I substituted $y=vx$ and it led me to the trig-related answer.
The answer sheet gives $y+\sqrt{x^2+y^2} = Cx^2$.
I honestly how to derive this. Can I get some help here?
On
You can play a bit with the terms and get$$x^2\left(\frac{y}{x}\right)'= xy'-y = \sqrt{x^2+y^2} = \lvert x \rvert \sqrt{1+\left(\frac{y}{x}\right)^2}.$$ Define $y(x)/x =: z(x)$, then you have $$z' = \frac{\lvert x \rvert}{x^2}\sqrt{1+z^2} $$ and separating variables $$\int\frac{dz}{\sqrt{1+z^2}} = \int\frac{\lvert x \rvert}{x^2}\,dx$$ Putting $z = \sinh w$ yields $\sqrt{1+z^2} = \cosh w$ and $dz = \cosh w \,dw$, so \begin{align}\int \frac{dz}{\sqrt{1+z^2}}=\int \frac{\cosh w}{ \cosh w} dw & = w = \sinh^{-1}z \\ & = \log (z+\sqrt{1+z^2}) \end{align} up to a constant $c$. Then \begin{align} \log (z+\sqrt{1+z^2}) & = \text{sgn}\{x\}\left(\log \lvert x\rvert + \log e^c\right) \\ & = \log (C\lvert x \rvert)^{\text{sgn}\{x\}}, \text{ with }C > 0, \end{align} and finally, since $z(x)=y(x)/x$ you compare the arguments of the logarithms getting $$\frac{y}{x}+ \frac{1}{\lvert x \rvert}\sqrt{x^2+y^2} = (C\lvert x\rvert)^{\text{sgn}\{x\}}. $$ This solution does not depend on the sign of $x$ (just try to explicit $y$ when $x > 0$ and $x < 0$ and you will get the same expression).
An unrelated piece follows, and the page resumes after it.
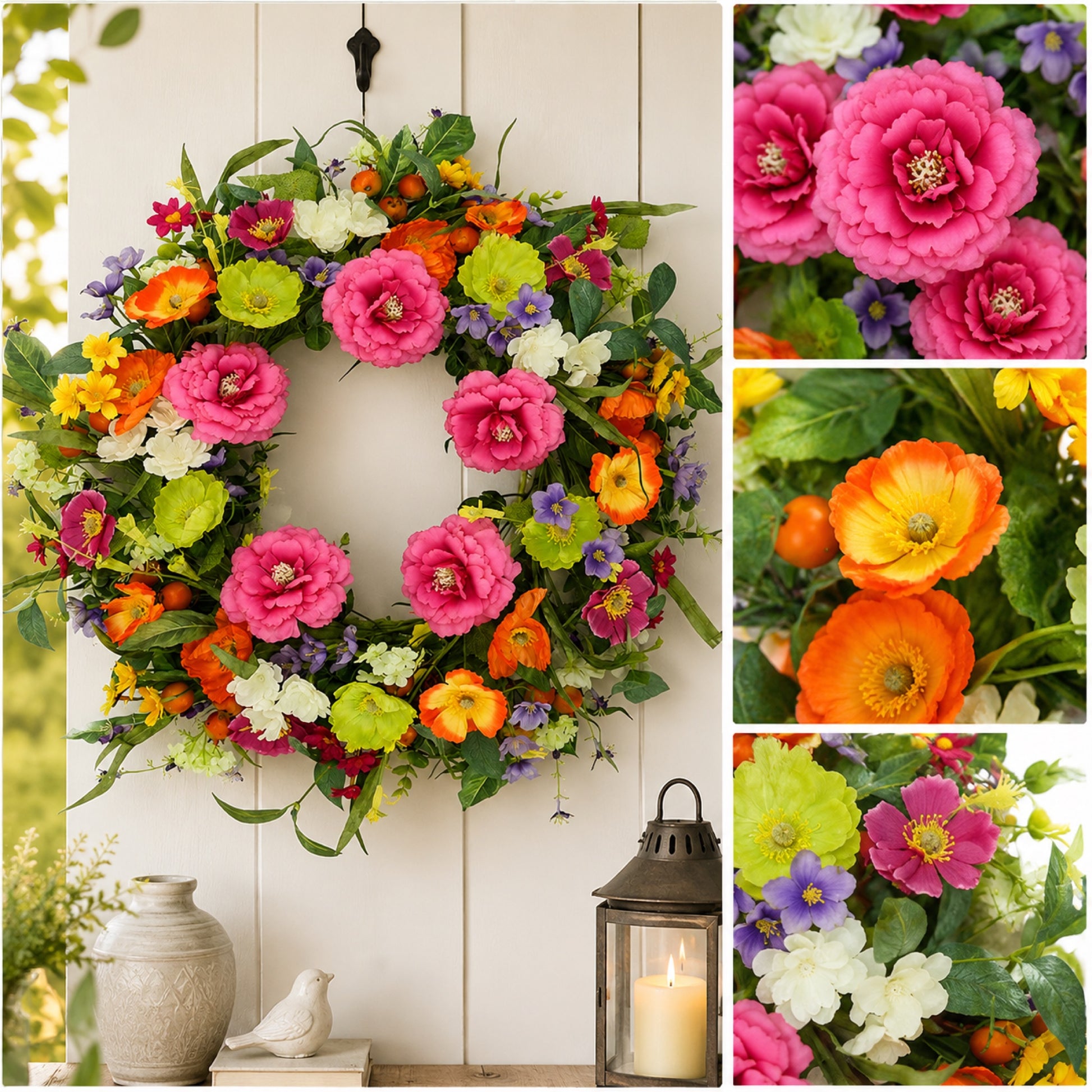 Artificial Rose Daisy Wreath — view 3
So the solution for $x > 0$ gives the result: $$y +\sqrt{x^2+y^2} = Cx^2.$$
$$y'=\frac{y}{x}+\sqrt{1+\left(\frac{y}{x}\right)^2}$$ $$u=\frac{y}{x}$$ $$u+xu'=u+\sqrt{1+u^2}$$ Separable ODE : $$\int\frac{dx}{x}=\ln|x[+c_1=\int\frac{u'}{\sqrt{1+u^2}}=\sinh^{-1}(u)+c_2$$ $$u=\sinh\left(\ln|cx[\right)=\frac12\left(cx-\frac{1}{cx}\right)$$ $$y=\frac12\left(cx^2-\frac{1}{c}\right)$$ $x^2=\frac{2}{c}y+\frac{1}{c^2}\quad;\quad x^2+y^2=\frac{2}{c}y+\frac{1}{c^2}+y^2=\left(y+\frac{1}{c}\right)^2$
$y+\sqrt{x^2+y^2}=y+(y+\frac{1}{c})=2y+\frac{1}{c}=\left(cx^2-\frac{1}{c}\right)+\frac{1}{c}$ $$y+\sqrt{x^2+y^2}=cx^2$$